Sibalom is home to the University of Antique.
Sibalom is politically subdivided into 76 barangays. From 1953 to 1955, Barangay Catmon was known as Barangay Pajarito.
Sibalom's tourism industry dawned after the proclamation of Mt. Porras and surrounding areas as a protected area. Declared Sibalom Natural Park by Presidential Proclamation 282 and the first protected area in the island of Panay, Sibalom now boasts of its local tourism potentials.
Foremost of the attractions Sibalom has to offer, is the Rafflesia speciosa, discovered in Mt. Porras and surrounding Barangays in 2002. Dubbed the biggest bloom in the world, its discovery launched Sibalom in the map of tourist stopovers in the Philippines. Aside from the park and its endangered flora and fauna, Sibalom also has century old industries and structures worth the visit of potential tourists, as well as boulders of gemstones to rock-hound and treacherous mountain trails to trek.

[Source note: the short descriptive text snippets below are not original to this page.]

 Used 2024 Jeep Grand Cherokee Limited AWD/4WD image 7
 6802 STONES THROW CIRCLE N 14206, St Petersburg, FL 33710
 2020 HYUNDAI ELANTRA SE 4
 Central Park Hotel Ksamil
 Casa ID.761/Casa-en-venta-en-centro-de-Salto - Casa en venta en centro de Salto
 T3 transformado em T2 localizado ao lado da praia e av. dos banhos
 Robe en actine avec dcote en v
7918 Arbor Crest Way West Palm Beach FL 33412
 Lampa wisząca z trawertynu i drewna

Through the assistance of the Provincial Tourism Office and the provincial government's Ecotourism Program, the municipality is in the process of developing its tourism framework in anticipation of the expansion of its tourism industry.

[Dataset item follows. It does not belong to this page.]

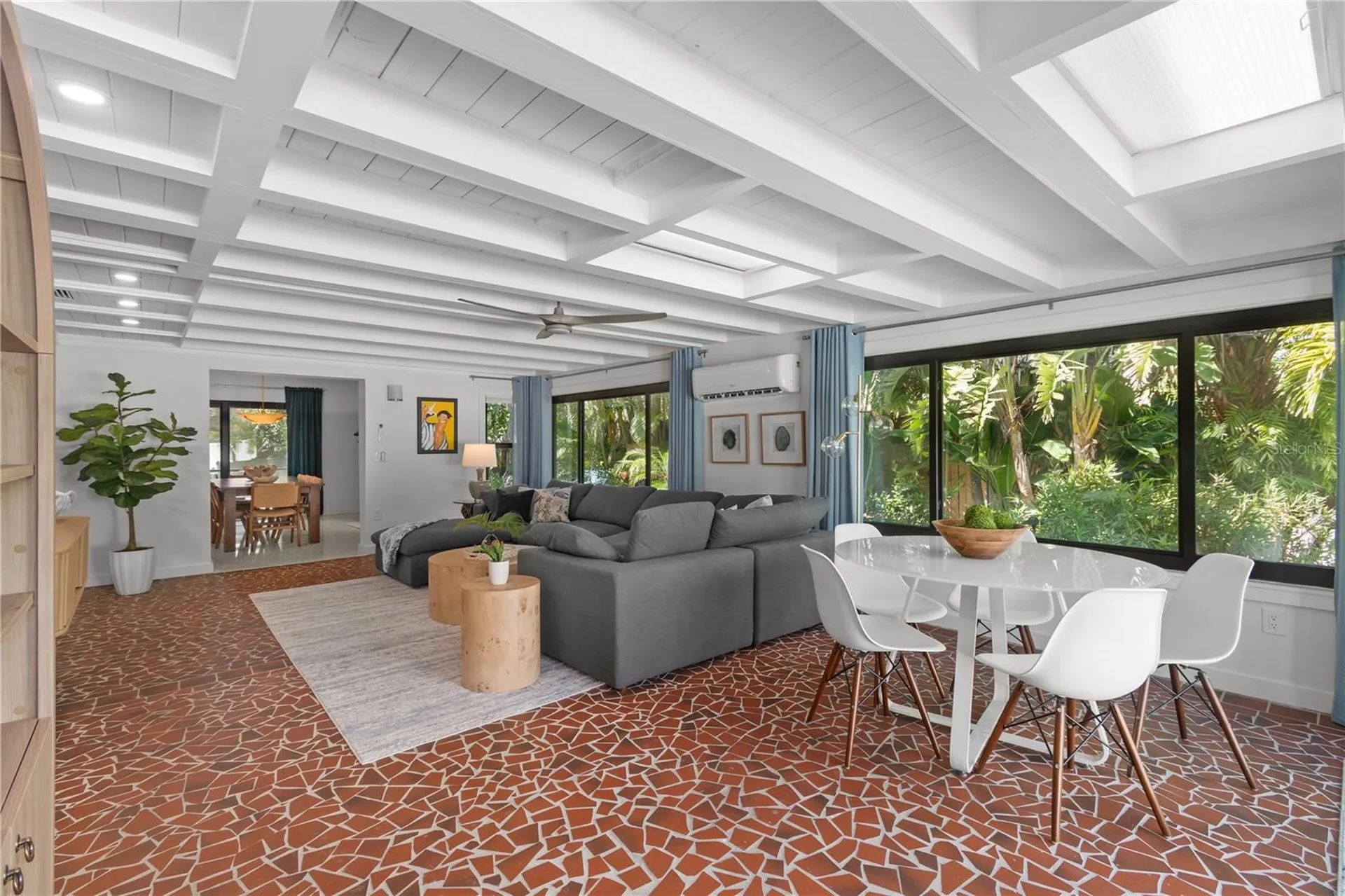 157 Garden Lane Sarasota FL 34242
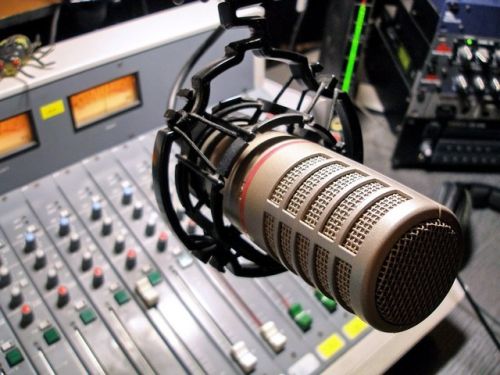 Почему молчит любимое радио?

Panay Island is in the Western Visayas region of the Philippines. It harbors many unique species of plants and animals some of which are on the brink of extinction, locally and globally.
One of the last patches of lowland forest in Panay Island is confined to the municipality of Sibalom, province of Antique.
About 5,000 hectares of forest in Sibalom—from Mt. Porras extending to Mt. Igmatindog—was declared a natural park by the President of the Philippines on April 23, 2000. Of this forest, 672 hectares are undisturbed by any human activity while about 4,223 hectares constitutes the 50-year old reforestation site.
There has been no in-depth study of the plants and animals in Sibalom Natural Park; but what is known so far shows a great diversity of species. For example, of the 59 species of birds identified in Sibalom, half are dependent on the forest for their survival, and eight cannot be seen outside the Philippines like the Walden's Hornbill, Sayan Hornbill, White-winged Cuckoo-shrike, and Negros Bleeding-heart. Among the four mammals initially identified in the area are the Visayan spotted deer and the Visayan warty pig, both endangered and found only in the western Visayas. (Haribon Foundation, 2001)
The Philippine dipterocarp trees such as white lauan and apitong, and fruit trees such as antipolo and malapaho are found in the forests of Sibalom. The globally endangered giant flower, the Rafflesia, also blooms in the park.
Different plants and animals thrive in various parts of the forest. For example, hardwood trees like Narra flourish; animals like deer and monkeys are seen on slopes of 300 to 800 meters above sea level.
The grassland serves as feeding ground for many birds such as munias, sparrows, and flowerpeckers. It is also dominated by shrubs such as katungaw-tungaw, coronitas and cogon.
Sibalom is endowed with many rivers and lakes teeming with fish and other marine resources. The Mau-it River is embedded with and surrounded by boulders of semi-precious gemstones such as jade, jasper, chert, onyx and agate.
The people of Antique believe that the forests and mountains are part of their lives and existence. For them, a healthy forest helps stabilize climate, provides clean water and fresh air.